I used this model of my students’ motivations to shape a third pedagogical practice: at the beginning of every class and every in-class activity, I explicitly stated how I thought the day’s activity would contribute to their life goals. Devising these links was not easy and couldn’t be done in advance; I was constantly updating my model of what was motivating my students so I could come up with a single justification that would work best with the whole class. For example, the day I taught heuristic evaluation, I said something to the effect of: “So we’ve talked a lot about UX designers in class so far and how their general responsibility is to envision seamless user interface designs. Some of you want this job, others of you will be working with UX designers to implement their visions. How will they know if their design is good? And how can they know in just a few days, which is the time scale that many designers have to work at? There’s one method invented back in the 1990’s that tried to solve this problem. We’re going to talk about it today, learn its strength and weaknesses, and discuss when it makes sense to use it.” Note that this kind of justification is essentially the same justification that Jakob Nielsen used in his book Usability Engineering. I just needed to link his motivation to students’ individual aspirations.

Another challenge was in motivating students to learn the declarative knowledge about HCI and Design, such as important methods, concepts, histories, and ideas in design. How could I motivate students to read about these things? In addition to use the same strategy above (simply explaining how it linked to students’ own goals), I designed a series of reading exercises that aimed to be frictionless, but also engaging. Twice a week, students would read a short blog-post length chapter that I personally wrote as an introduction to a subject in design. They were short enough that students would read them, but deeply linked, so that throughout the reading, there were multiple followup readings students could do to deepen their knowledge. Then, to motivate students to read them, I held a reading quiz at the beginning of class to verify that they had read it (which had the added benefit of getting them to show up to class on time). I also required a brief summary of a reading of their own they could select, choosing from the readings I linked to, or from any other reading, podcast, or video on the web that concerned the same subject. After the reading quiz, students engaged in “think-pair-share”, turning to a few of their neighbors and explaining what they read and what they found interesting about it. Then, after a few minutes of sharing, I asked for students to voluntarily share the most interesting readings they heard about from their peers. In just about 20 minutes of class, we covered a range of readings, many of which were entirely new to me. I had to be ready to rapidly synthesize and relate the topics they raised to the subject of the day, but this kept me engaged as well. It also reinforced every day that I genuinely did have the expertise to be teaching the subject.

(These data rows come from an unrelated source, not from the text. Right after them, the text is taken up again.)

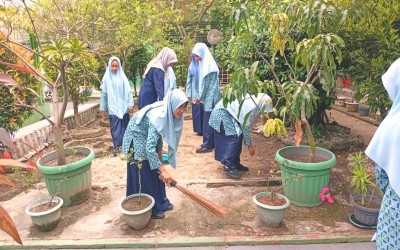 SMP Babussalam Gelar Gotong Royong Bakti Sosial Sambut Puasa 1447 H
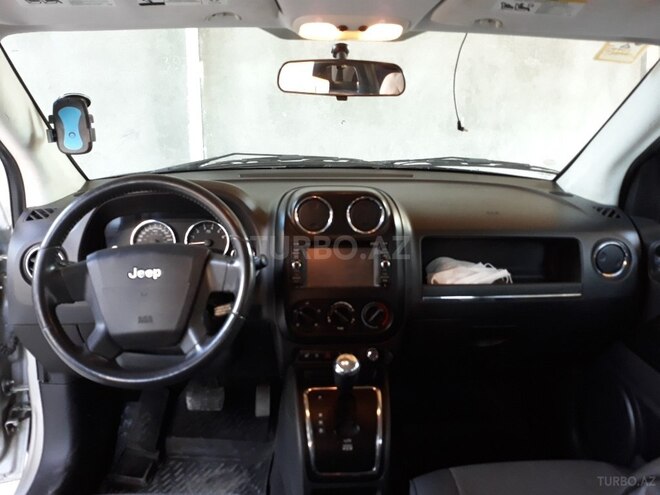 Jeep Compass 2008, 133,000 km - 2.4 л - Bakı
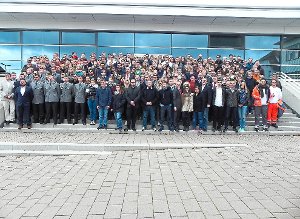 Stolze Zahl: 189 Schüler haben mit der Ausbildung zum Notfallsanitäter begonnen. In Pfalzgrafenweiler trafen sie sich mit Lehrern und Vertretern von Hilfsorganisatoren zur Begrüßungsfeier.  Foto: Blaich Foto: Schwarzwälder-Bote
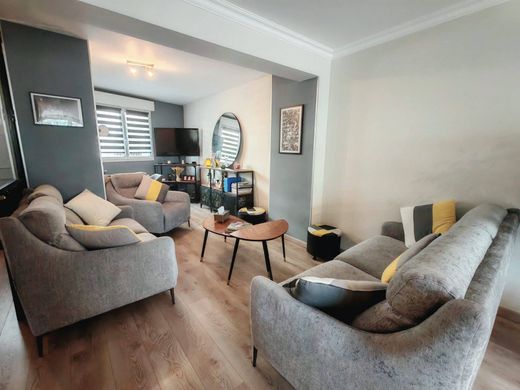 Πολυτελή κατοικία σε Rosny-sous-Bois, Seine-Saint-Denis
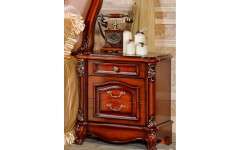 Тумба прикроватная Николас 8221– незаменимый элемент для комфортной спальной зоны. Состоит тумба 8221 из трех выдвижных ящиков, на которых расположена латунная фурнитура для удобного открывания и закрывания. Фрезерованные фасады и резной декор придают нотки элегантности мебели. Размеры: 590*430*640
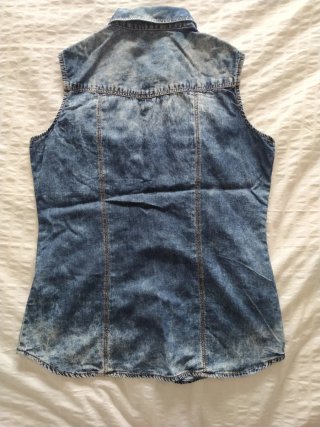 Camisa vaquera sin mangas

After the reading period, we would engage in an in-class activity. I explained to students that our time together was precious, because it was the only time that we could actually do design together (as design is rarely done alone). For each topic, I carefully designed an activity with a very specific form of deliberate practice, always beginning with a justification and ending with a reflection that tied together the practice they engaged in with feedback on what they did right and wrong in their practice. My role in these activities was to facilitate and closely observe so I could provide this feedback. One example of an activity was a 90-minute usability testing activity in which teams of two designed a paper prototype alarm clock interface, design a task to verify its usability, and conduct a series of usability tests with their classmates. The rules governing this activity were carefully designed to mimic the kind of usability tests that people run in industry, but also to reveal the fundamental scholarly questions behind usability testing (namely, how reliable is the knowledge they produce). I tried to design each of these activities to feel like a game, with some clear notion of the rules and definition of winning, but align these with authentic ideas in practice, and make their authenticity clear to the students.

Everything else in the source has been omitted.